Burying source in executables




Frank Kotler wrote:
>
> Okay, where are these UTF-8 source files? On disk? Embedded
> in the (perhaps not yet existing) executable?

Well, one way to do this (with separate processes or with multiple
threads in the same process) is to use memory-mapped files. The editor
has a read/write version of the file open while the assembler has a
read-only view of the file open.

Segments used to be really good for this sort of thing, too. But modern
OSes eliminated the possibility of using segments to share data along
these lines.


> ...
> > the IDE, by the way, is basically nothing more than a
> > "compiler driver" - just like GCC or your own HLA.EXE - but the
difference
> > is that it's all "graphical"...
>
> This would put processes in separate address spaces. This
> sounds like you're contemplating a "brick&brock" system.

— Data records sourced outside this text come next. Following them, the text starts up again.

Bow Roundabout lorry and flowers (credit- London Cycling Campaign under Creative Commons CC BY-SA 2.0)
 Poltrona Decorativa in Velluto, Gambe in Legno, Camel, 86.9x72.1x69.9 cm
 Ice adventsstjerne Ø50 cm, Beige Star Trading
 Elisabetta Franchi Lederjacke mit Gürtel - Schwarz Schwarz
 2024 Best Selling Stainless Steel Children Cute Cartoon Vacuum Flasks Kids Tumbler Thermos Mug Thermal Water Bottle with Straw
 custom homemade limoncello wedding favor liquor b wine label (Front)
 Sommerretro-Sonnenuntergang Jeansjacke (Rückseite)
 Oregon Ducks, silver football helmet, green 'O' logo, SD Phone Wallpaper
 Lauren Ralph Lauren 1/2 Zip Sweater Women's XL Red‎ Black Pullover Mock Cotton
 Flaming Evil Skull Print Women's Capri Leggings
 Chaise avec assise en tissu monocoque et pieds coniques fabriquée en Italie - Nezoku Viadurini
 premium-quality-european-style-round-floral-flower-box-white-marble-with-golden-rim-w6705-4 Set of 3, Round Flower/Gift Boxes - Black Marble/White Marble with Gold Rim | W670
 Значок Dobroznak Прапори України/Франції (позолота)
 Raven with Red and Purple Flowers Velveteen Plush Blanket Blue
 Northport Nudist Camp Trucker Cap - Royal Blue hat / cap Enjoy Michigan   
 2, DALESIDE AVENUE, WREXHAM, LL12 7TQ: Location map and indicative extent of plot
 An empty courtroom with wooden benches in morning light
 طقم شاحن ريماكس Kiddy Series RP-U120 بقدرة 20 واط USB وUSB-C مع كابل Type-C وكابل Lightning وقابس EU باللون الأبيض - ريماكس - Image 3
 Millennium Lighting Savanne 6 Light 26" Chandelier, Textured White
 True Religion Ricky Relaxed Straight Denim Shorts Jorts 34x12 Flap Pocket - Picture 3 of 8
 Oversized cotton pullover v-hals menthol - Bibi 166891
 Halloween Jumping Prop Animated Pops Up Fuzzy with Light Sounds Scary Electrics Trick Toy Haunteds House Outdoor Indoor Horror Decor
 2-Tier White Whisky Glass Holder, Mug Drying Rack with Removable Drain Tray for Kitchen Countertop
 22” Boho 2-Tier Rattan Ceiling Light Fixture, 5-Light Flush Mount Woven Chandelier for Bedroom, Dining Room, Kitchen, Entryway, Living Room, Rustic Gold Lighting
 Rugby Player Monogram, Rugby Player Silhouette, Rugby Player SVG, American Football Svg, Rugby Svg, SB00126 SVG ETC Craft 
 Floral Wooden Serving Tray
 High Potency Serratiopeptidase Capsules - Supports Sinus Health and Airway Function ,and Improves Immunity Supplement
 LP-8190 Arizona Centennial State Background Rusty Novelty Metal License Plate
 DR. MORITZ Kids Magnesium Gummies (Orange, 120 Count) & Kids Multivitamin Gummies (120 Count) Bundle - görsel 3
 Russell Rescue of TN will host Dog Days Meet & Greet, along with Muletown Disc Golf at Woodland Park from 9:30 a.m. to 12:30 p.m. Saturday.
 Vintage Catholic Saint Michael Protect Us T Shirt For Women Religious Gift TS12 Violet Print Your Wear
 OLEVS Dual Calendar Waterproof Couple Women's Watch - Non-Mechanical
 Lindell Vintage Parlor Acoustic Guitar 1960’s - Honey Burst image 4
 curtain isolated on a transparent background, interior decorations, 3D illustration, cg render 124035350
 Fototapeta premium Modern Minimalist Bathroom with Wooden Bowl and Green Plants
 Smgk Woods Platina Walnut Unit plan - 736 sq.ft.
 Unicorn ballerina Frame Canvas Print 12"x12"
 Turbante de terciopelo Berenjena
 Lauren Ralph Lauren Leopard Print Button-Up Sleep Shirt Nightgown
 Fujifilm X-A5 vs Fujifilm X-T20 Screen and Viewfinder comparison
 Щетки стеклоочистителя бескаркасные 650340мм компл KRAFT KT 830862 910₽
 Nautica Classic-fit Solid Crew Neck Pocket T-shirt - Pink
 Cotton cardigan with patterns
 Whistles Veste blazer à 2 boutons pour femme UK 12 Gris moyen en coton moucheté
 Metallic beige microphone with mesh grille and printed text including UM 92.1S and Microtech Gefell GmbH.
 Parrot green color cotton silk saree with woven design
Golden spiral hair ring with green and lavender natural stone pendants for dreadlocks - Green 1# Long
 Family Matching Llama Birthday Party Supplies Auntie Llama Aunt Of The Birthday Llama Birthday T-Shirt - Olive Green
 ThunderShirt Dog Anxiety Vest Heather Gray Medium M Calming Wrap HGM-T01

Best for protection, so if they're doing that it's a good idea. As I
just pointed out, shared memory (between processes/address spaces) is
possible using memory-mapped files.

Memory-mapped files are also great for assemblers (especially
incremental ones) because you get efficient random-access to the file's
data. And, as I pointed out above, one process can be limited to
read-only access while another has read-write access.


>
> > that's what the "modular" thing I've
> > mentioned is all about...it _STILL_ is a "tool chain"...individual
> > utilities, called in sequence...the "trick" here is merely that -
borrowing
> > a style similar to "browser plug-ins" - they can be loaded up as
"modules"
>
> This is not reassuring! I'm typing this in the editor of my
> funky old Netscape version (still!), and I am currently at
> risk of losing my work. Browsing "certain websites"
> apparently loads "certain plug-ins", which apparently have
> "certain memory leaks"... resulting in "certain death",
> after an "uncertain time". Occasionally, it takes the entire
> X server down, more often Netscape just quit without
> warning, "poof". (there *is* an autosave feature, but either
> it doesn't work, or I'm doin' it wrong.)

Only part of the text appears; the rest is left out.